Monday, July 9, 2012

"my three words have two meanings...but there is one thing on my mind" Lego House--Ed Sheeran

The world might not be in as bad of shape as it is if all the people in it were Irish. Not the big city Irish people either, but the ones from the small fishing towns and villages along the coasts. But I'll get to that later. For now I need to get caught up on what happened between now and Moscow. I wish I had the patience to sit and write out all the details of everything I remember, but I don't. At least not for here on the blog.

This past winter in Moscow was the longest winter of my life. Maybe because I was away from home again. Maybe it was because it snowed almost everyday right through the first week of April. Maybe it was because I didn't have a nice, heated car and had to hoof it everywhere I went. Maybe it was all of those things. Maybe there were a few more reasons, too.
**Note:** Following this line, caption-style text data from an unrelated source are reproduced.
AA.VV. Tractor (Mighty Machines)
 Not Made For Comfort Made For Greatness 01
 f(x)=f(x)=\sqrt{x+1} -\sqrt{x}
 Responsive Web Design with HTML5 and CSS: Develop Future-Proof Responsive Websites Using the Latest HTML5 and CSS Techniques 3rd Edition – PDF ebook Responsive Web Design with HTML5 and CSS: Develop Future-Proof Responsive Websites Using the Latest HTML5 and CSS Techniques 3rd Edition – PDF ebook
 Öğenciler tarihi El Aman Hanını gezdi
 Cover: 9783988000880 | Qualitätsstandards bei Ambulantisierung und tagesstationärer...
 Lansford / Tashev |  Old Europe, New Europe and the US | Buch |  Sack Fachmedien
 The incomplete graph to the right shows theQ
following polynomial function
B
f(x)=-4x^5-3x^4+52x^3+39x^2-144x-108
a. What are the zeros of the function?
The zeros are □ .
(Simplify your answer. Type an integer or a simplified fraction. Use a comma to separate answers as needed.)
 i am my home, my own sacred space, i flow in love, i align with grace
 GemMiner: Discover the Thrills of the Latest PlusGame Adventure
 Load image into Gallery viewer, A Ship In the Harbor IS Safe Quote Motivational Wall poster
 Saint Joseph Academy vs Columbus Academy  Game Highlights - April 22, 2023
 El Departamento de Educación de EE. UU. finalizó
It was also the most memorable winter of my life.

Maybe it was because I lived on a floor full of foreign students in a dorm on the campus of the Russia Academy of National Economics under the President of the Russian Federation (pretty official sounding, eh?). Maybe it was because my atheist professor could have doubled for the part of Professor Trelawny in the Harry Potter movies. Maybe it was because I had a German bishop with a Russia-hating wife in an international branch where I was called as a primary teacher. Maybe it was because I was back in the former Soviet Union and this time I wasn't a missionary. Maybe it was all of those things, but there are definitely more reasons, too.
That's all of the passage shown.